John Tyler became the tenth President of the United States (1841-1845) when President William Henry Harrison died in April 1841.
Following differences with President Andrew Jackson, Tyler left the Democratic Party and joined the rival Whig party.
As Harrison became the president, Tyler, deeming the vice president’s duties largely irrelevant, returned home to his Virginia plantation.
During his stay in Virginia, Tyler was given the news that Harrison had become the first American commander-in-chief to die in office, just 31 days after the inauguration.
Upon returning to the nation’s capital, Tyler took the presidential oath, which angered strict constructionists who argued that the Constitution only specified that, when a president died, the vice president would inherit presidential “powers and duties”—not the office itself.
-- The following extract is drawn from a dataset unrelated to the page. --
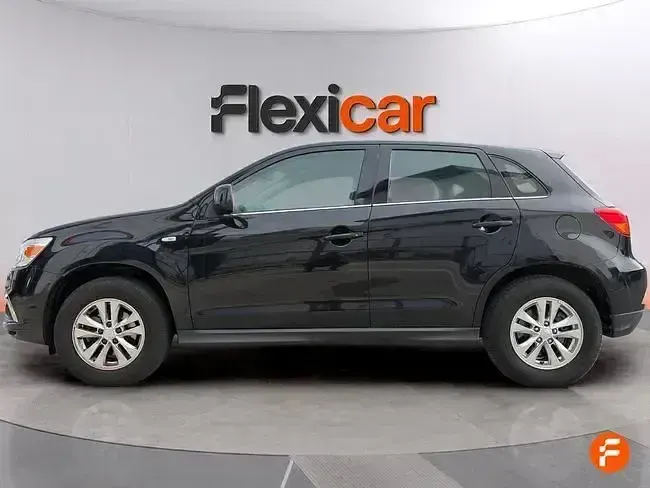 Usado Mitsubishi ASX Motion 117 CV (86 kW) 2019 Negro SUV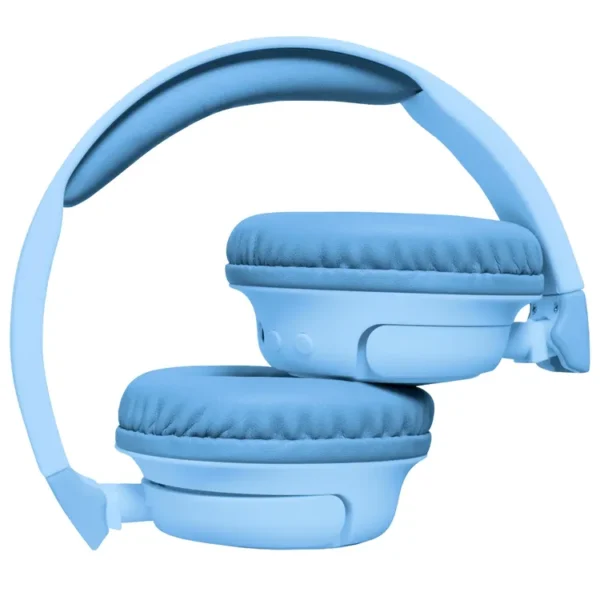 Audífonos ESENSES Inalámbricos Bluetooth On Ear Kids HP-1000 Azul Claro - Imagen 4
Tyler made fun of Secretary of State Daniel Webster when he informed him that Harrison had agreed to abide by the majority decision of the cabinet on any policy matter—even if he was personally opposed.
“I can never consent to being dictated to,” he informed his cabinet. “I am the president, and I shall be responsible for my administration,” assuring that he would neither serve as an interim “acting president” nor carry out all of his predecessor’s agenda, which included re-establishment of a national bank and protective tariffs.
This act infuriated the Whig leaders, in particular Senator Henry Clay.
After he twice vetoed Clay’s bill to re-establish a national bank, supporters of the senator forced open the White House gates, hurled stones at the presidential mansion, shouting “Groans for the traitor!”
The Whigs expelled the president from the party and tried to evict him from the White House altogether after vetoing yet another one of their bills.
Former president John Quincy Adams wrote that the tenth president was “in direct violation both of the grammar and context of the Constitution,” and eight senators voted against a resolution recognizing him as the new president.
“Popularity, I have always thought, may aptly be compared to a coquette—the more you woo her, the more apt is she to elude your embrace,” the tenth president said.
Nonetheless, he failed to gain any popularity, as he succeeded only in alienating politicians on both sides of the aisle.
The New York Times described him as "the most unpopular public man that had ever held any office in the United States."
Some of the tenth president’s successors didn’t think very highly of him either, as Harry Truman called him “one of the presidents we could have done without.”
“He has been called a mediocre man; but this is unwarranted flattery,” Theodore Roosevelt said . “He was a politician of monumental littleness.”
C-SPAN’s 2017 Presidential Historians Survey ranked him in the bottom five presidents, along with Warren Harding, Franklin Pierce, Andrew Johnson and James Buchanan.
He died in 1862 due to health condition; however, his death was the only one in presidential history not to be officially recognized in Washington, because of his allegiance to the Confederate States of America.